"A compelling book: memoir and courtroom drama, a work of historical and legal import. " -- Jewish Week
Deborah Lipstadt, author of the groundbreaking Denying the Holocaust, chronicles her six-year legal battle with controversial British World War II historian David Irving that culminated in a sensational 2000 trial in London
In her acclaimed 1993 book Denying the Holocaust, Deborah Lipstadt called putative World War II historian David Irving "one of the most dangerous spokespersons for Holocaust denial", a conclusion that she reached by examining his cunning manipulations of evidence, partisanship to Hitler, persistent exoneration of the Third Reich, and his confirmed celebrity among swelling ranks of anti-Semitic organizations internationally.

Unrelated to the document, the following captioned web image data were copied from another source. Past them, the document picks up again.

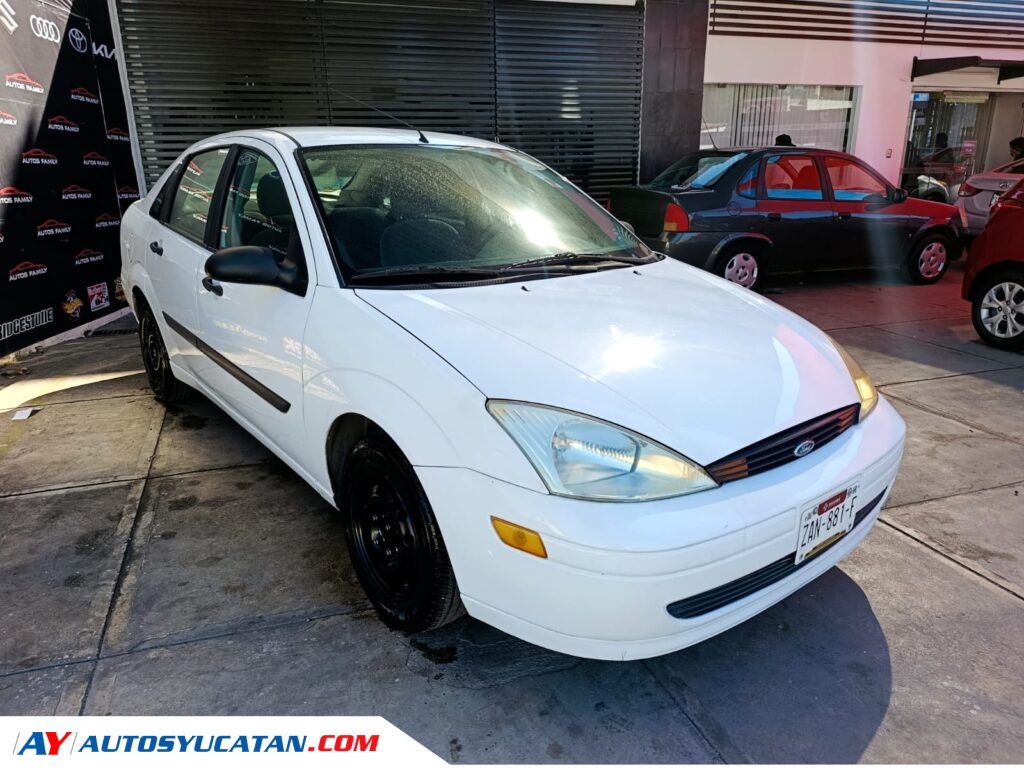 Ford Focus Automático 2000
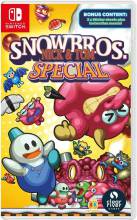 SNOW BROS. NICK & TOM SPECIAL SWITCH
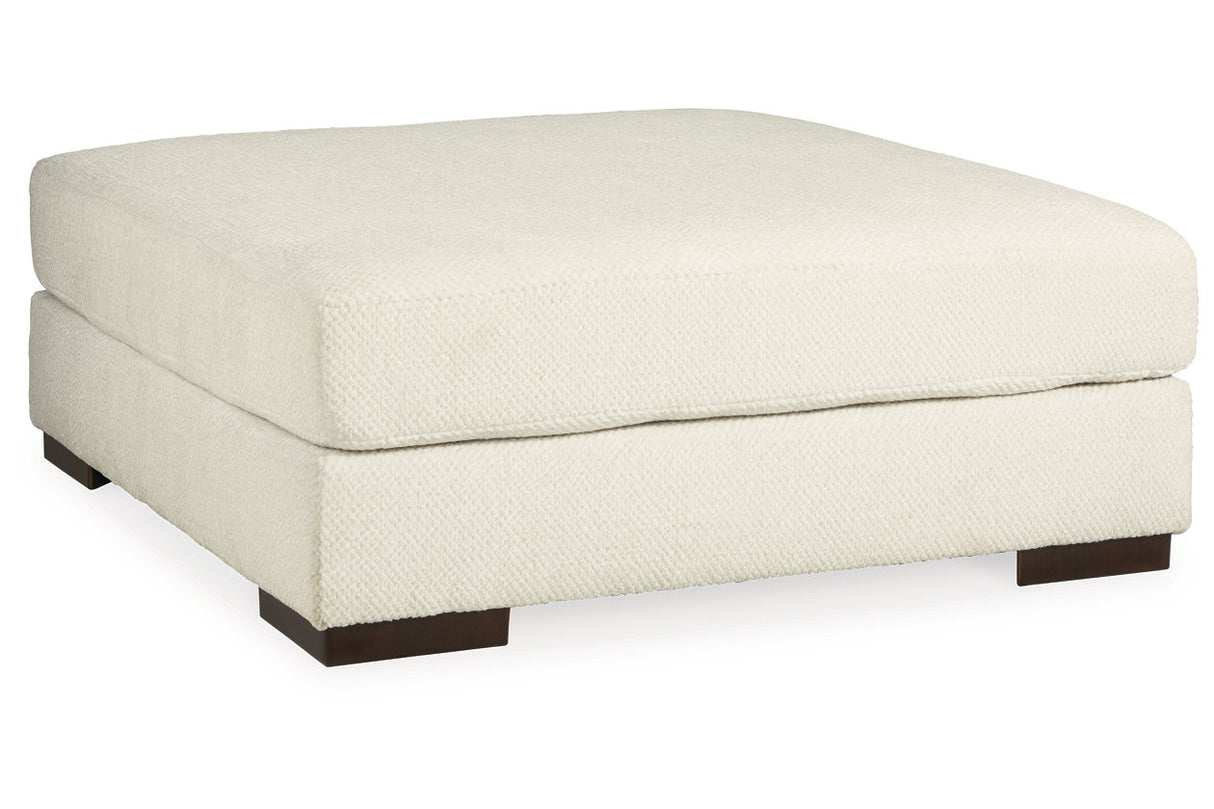 Zada Oversized Accent Ottoman - (5220408)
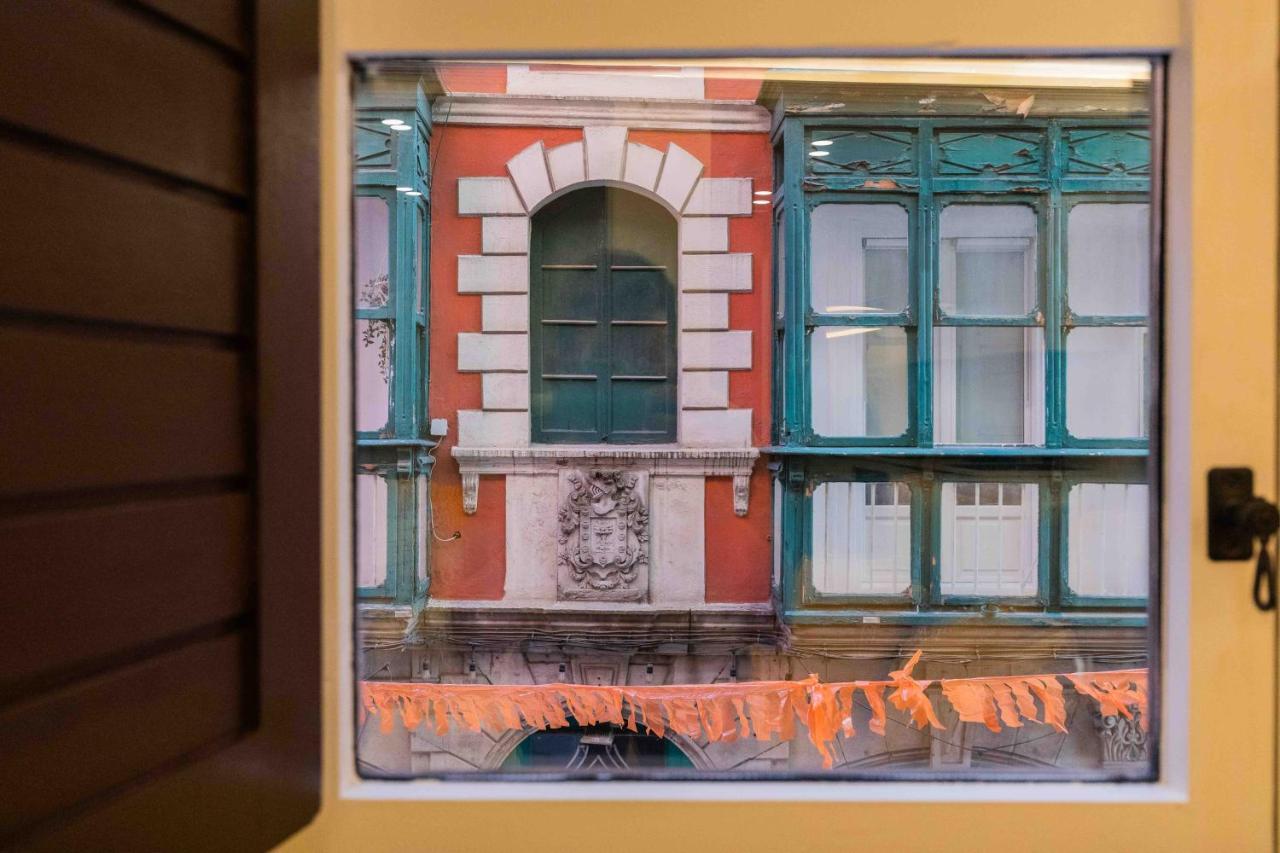 Bilbao Chic Barrena Old Town Apartamento Exterior foto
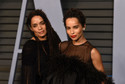 Lisa Bonet i Zoë Kravitz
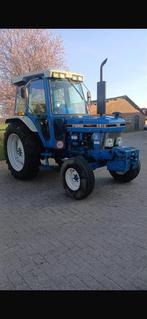 Nette Ford 5610 gen 3  4800 draaiuren met dual power, Zakelijke goederen, Gebruikt, 2500 tot 5000, Ophalen of Verzenden, Ford
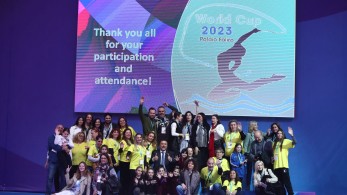 Ασημένιό μετάλλιο για την Ελλάδα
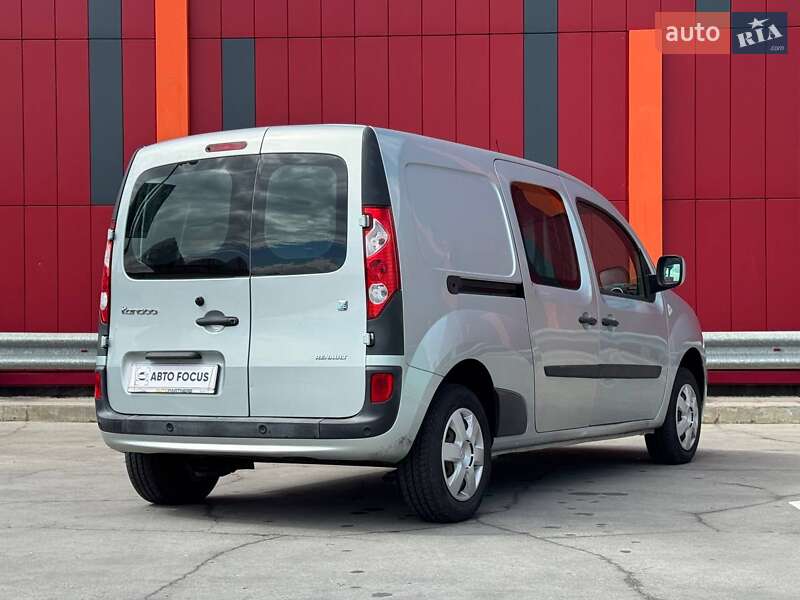 Грузовой фургон Renault Kangoo 2012 в Киеве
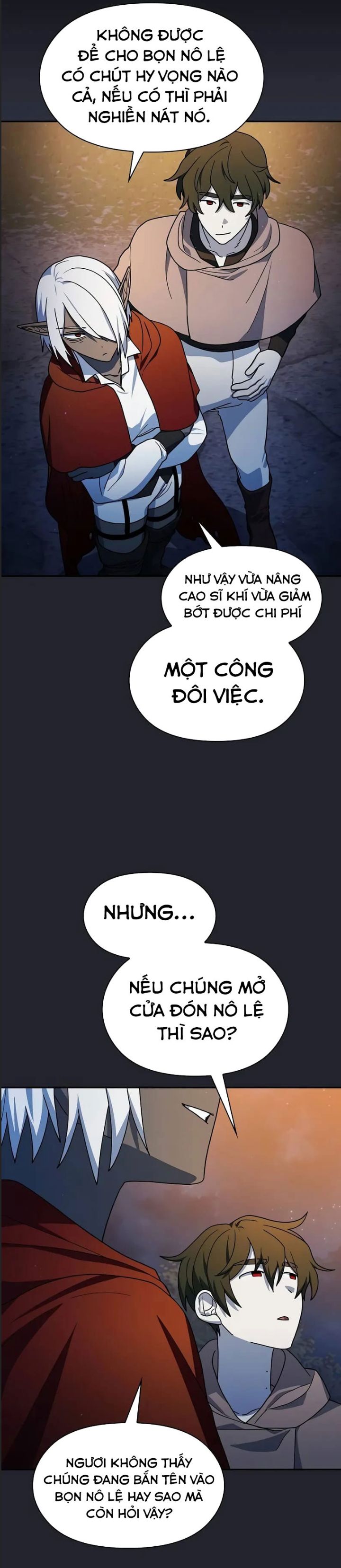 Nền Văn Minh Nebula Chapter 61 - Trang 2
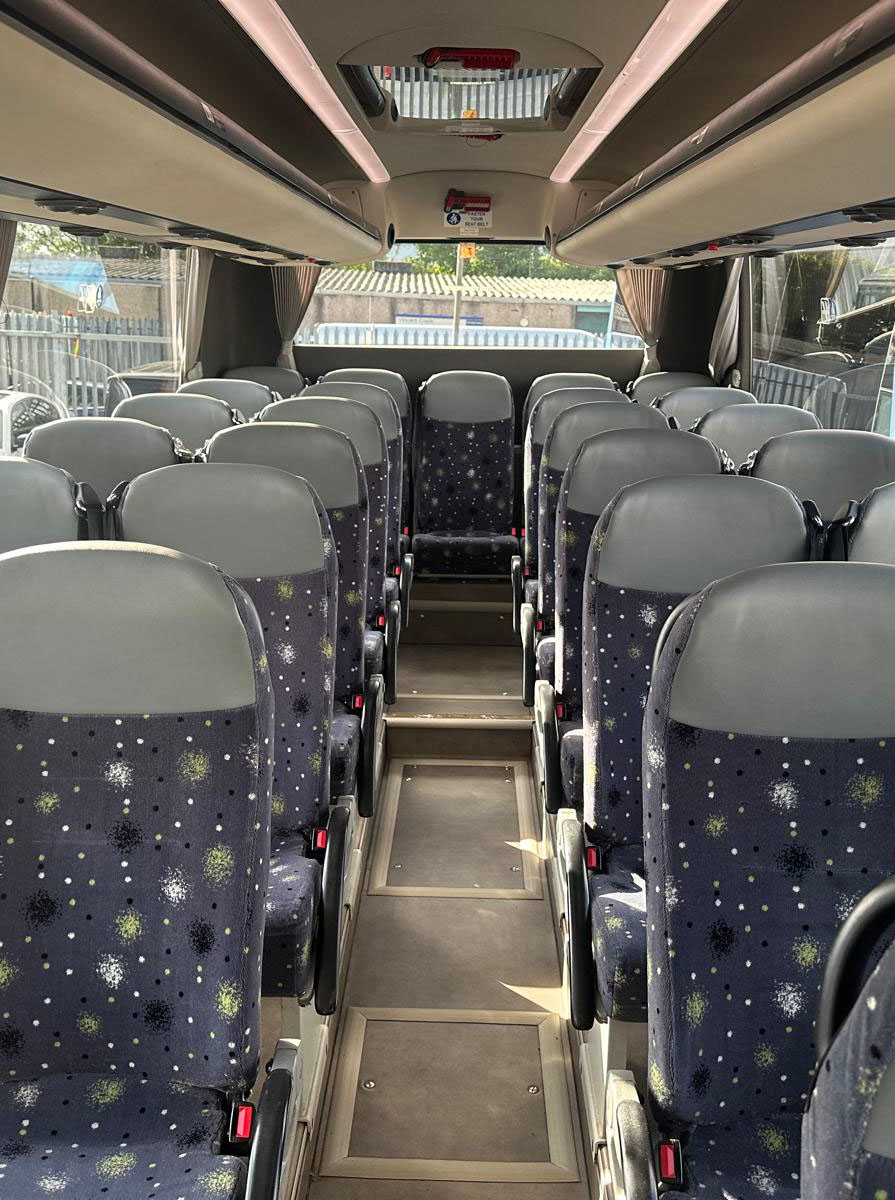 Photo of 2016 Volvo B11R Sunsundegui SC7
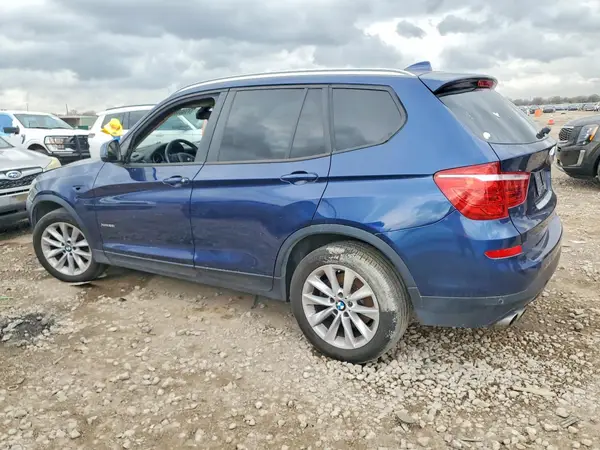 5UXWX9C53G0D74986 2016 BMW X3 - Image 2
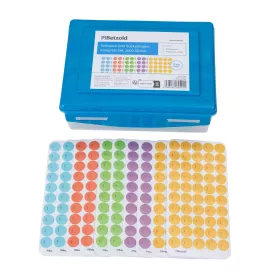 Tellimero EDU Stickerbogen-Komplett-Set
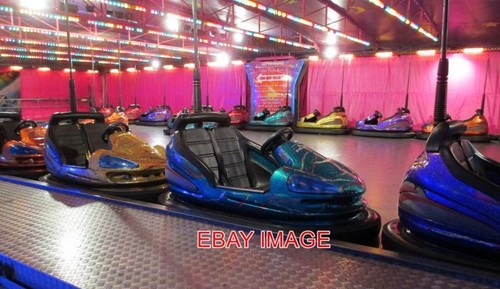 Photo dodgem cars - photo, cars.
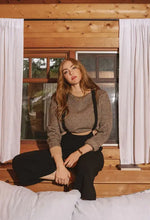 Load image into Gallery viewer, Ridge Sweater Acorn Home + Apparel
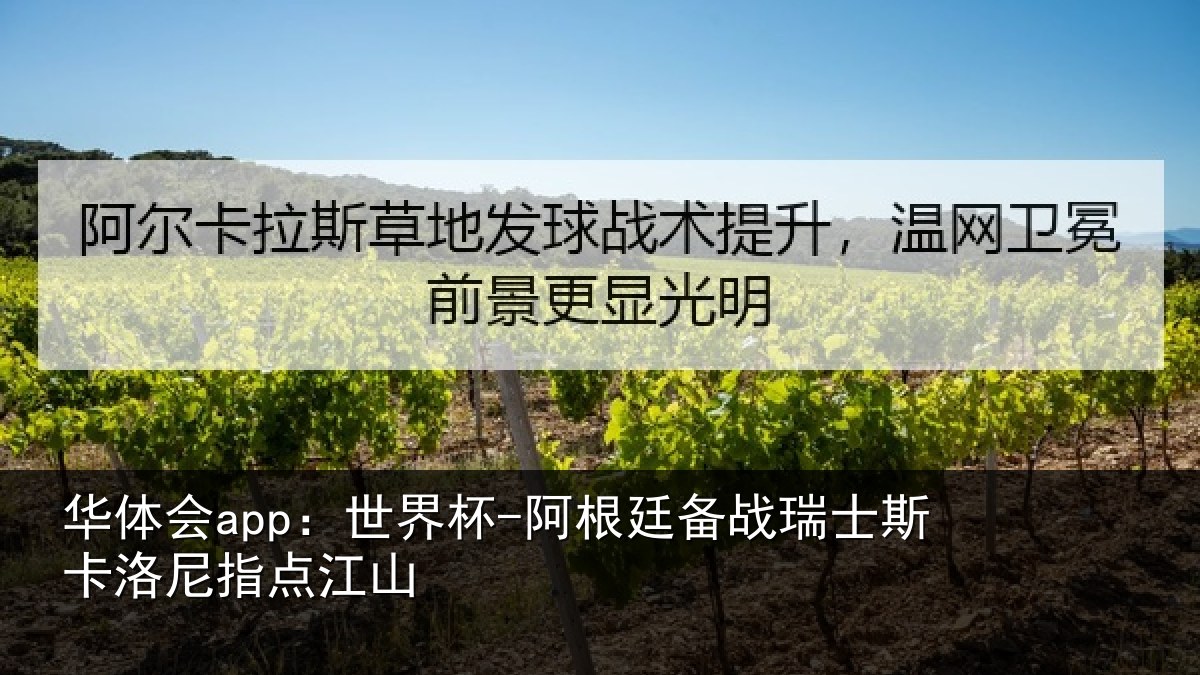 华体会app:世界杯-阿根廷备战瑞士斯卡洛尼指点江山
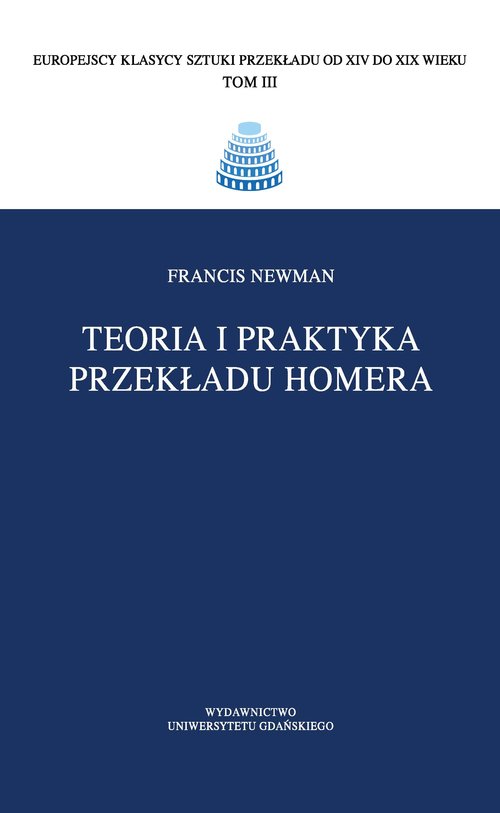 Image of Teoria i praktyka przekładu Homera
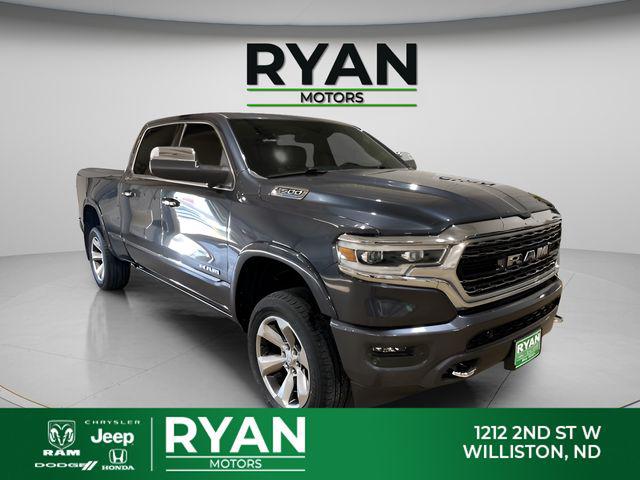 2021 RAM 1500 Limited Crew Cab 4x4 64 Box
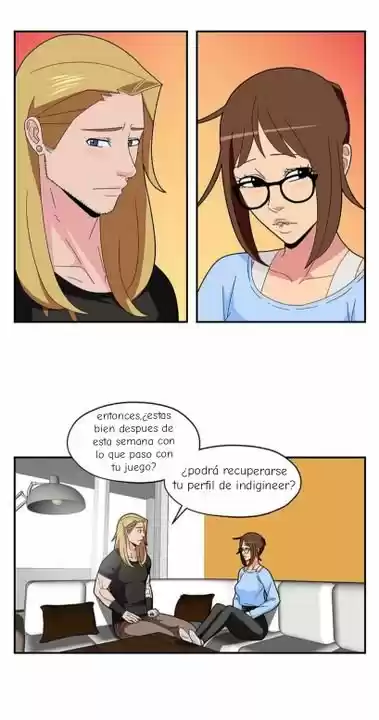 Juguemos - Capítulo 50 - Página 19 - LectorTMOo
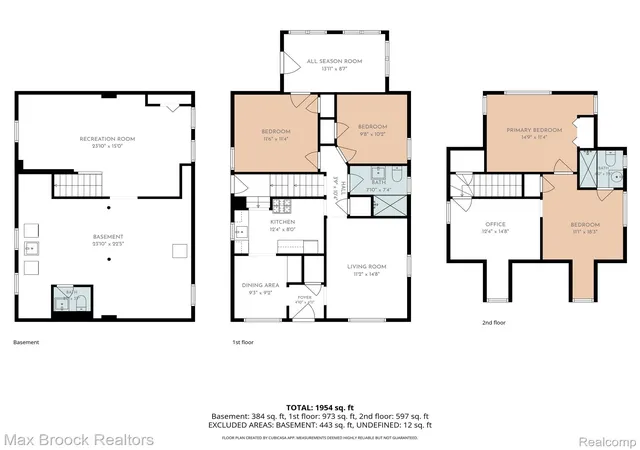 Photo 32 of Single family home for sale at 4070 Bacon Ave, Berkley, MI 48072 | MLS# 20261073434 | Listing updated on 2026-09-12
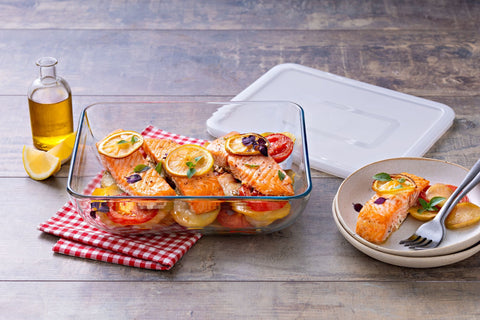 Rectangular Storage Dish - 1.3L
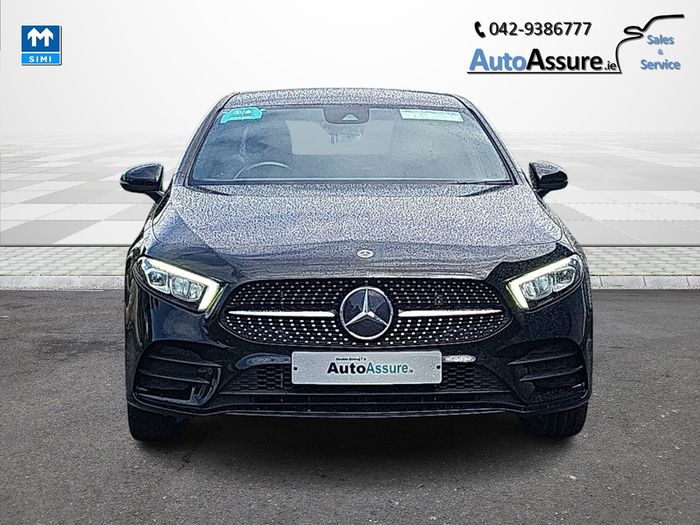 Mercedes-Benz A-Class 2022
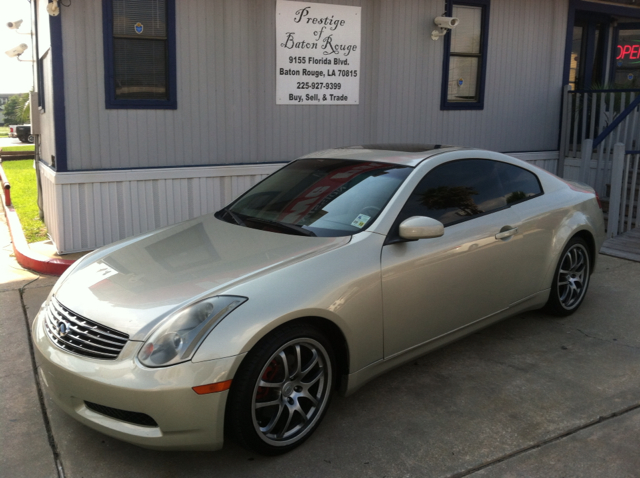 Infiniti G35 GT Premium Coupe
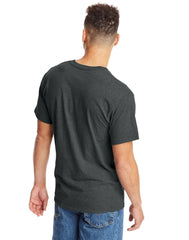 Hanes Beefy-T Men's T-Shirt, Value 2-Pack (Big &amp; Tall Available)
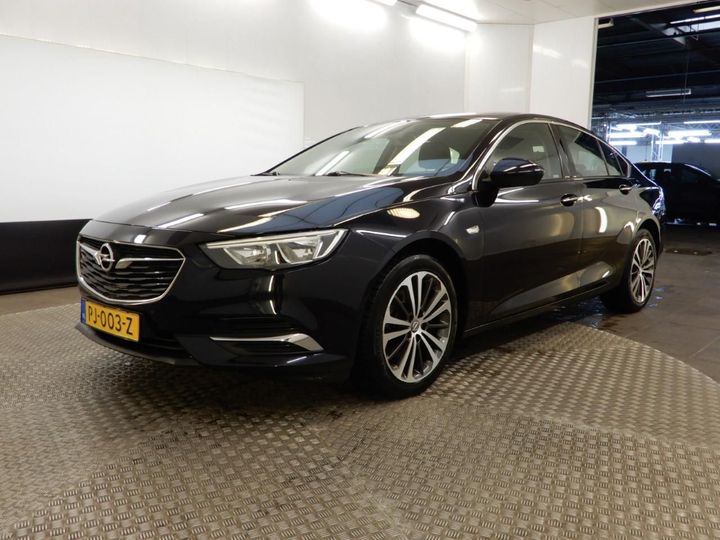 OPEL INSIGNIA GRAND SPORT 2017 w0lzt6gg5j1020131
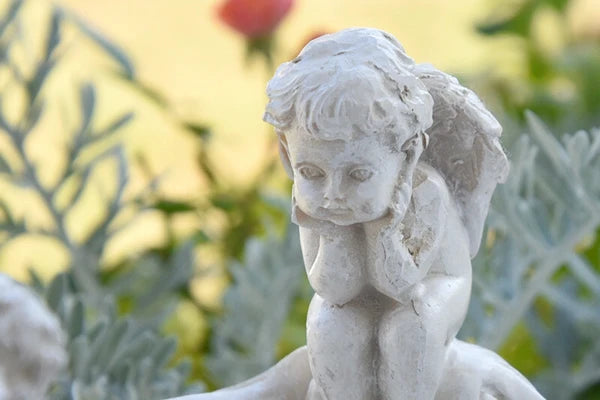 天使のオーバルコンポート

In 1994, Irving filed a libel lawsuit, not in the U.S. courtroom-where the onus of proof lies on the plaintiff, but in the UK-where the onus of proof lies on the defendant. At stake were not only the reputations of two historians, but the record of history itself.
The four-month trial took place in London in 2000 and drew international attention. With the help of a first-rate team of solicitors and historians and the support of her UK publisher, Penguin, Lipstadt won, her victory proclaimed on the front page of major newspapers around the world. Part history, part real life courtroom drama, Denial is Lipstadt's riveting, blow-by-blow account of the trial that tested the standards of historical and judicial truths and resulted in a formal denunciation of the infamous Holocaust denier.